◆ EXCERPTED RECORDS
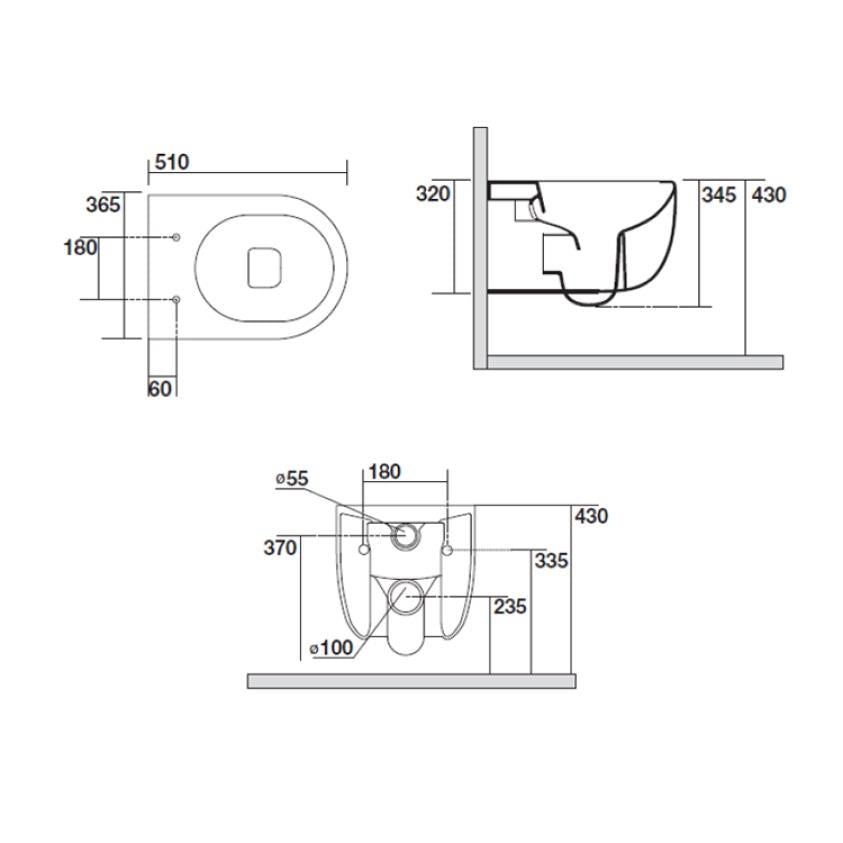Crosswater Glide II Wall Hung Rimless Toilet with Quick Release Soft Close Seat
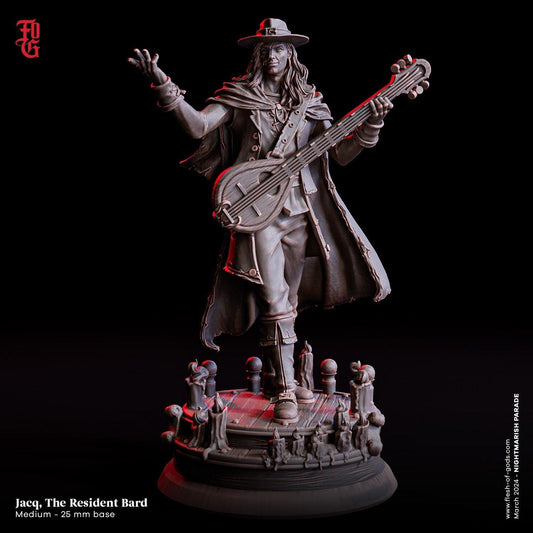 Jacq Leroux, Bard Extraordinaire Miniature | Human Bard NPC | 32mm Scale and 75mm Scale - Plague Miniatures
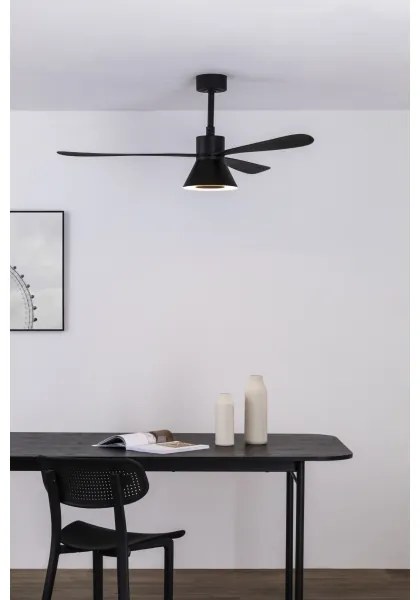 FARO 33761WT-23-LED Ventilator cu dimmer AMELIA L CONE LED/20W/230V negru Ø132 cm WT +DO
* * *
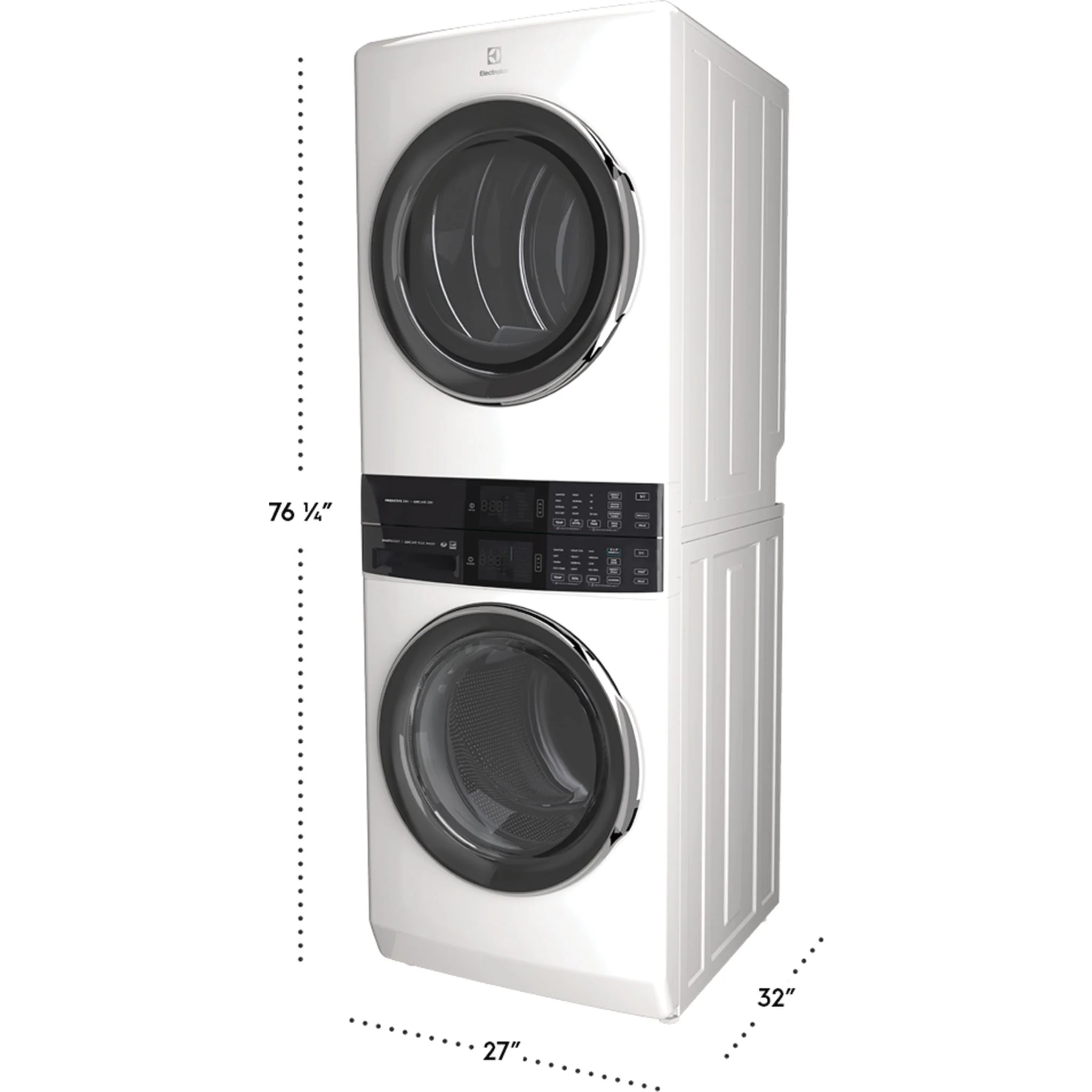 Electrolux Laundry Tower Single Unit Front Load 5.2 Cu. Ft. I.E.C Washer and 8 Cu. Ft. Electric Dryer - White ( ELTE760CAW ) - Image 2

◆ HOW TO COMPLETE THIS TASK
Your copy should hold only the lines above from the one containing "Crosswater Glide II" through the one containing "FARO 33761WT-23-LED Ventilator", exactly as written and free of pictures.

◆ WRITTEN ANSWER
Crosswater Glide II Wall Hung Rimless Toilet with Quick Release Soft Close Seat
 Jacq Leroux, Bard Extraordinaire Miniature | Human Bard NPC | 32mm Scale and 75mm Scale - Plague Miniatures
 FARO 33761WT-23-LED Ventilator cu dimmer AMELIA L CONE LED/20W/230V negru Ø132 cm WT +DO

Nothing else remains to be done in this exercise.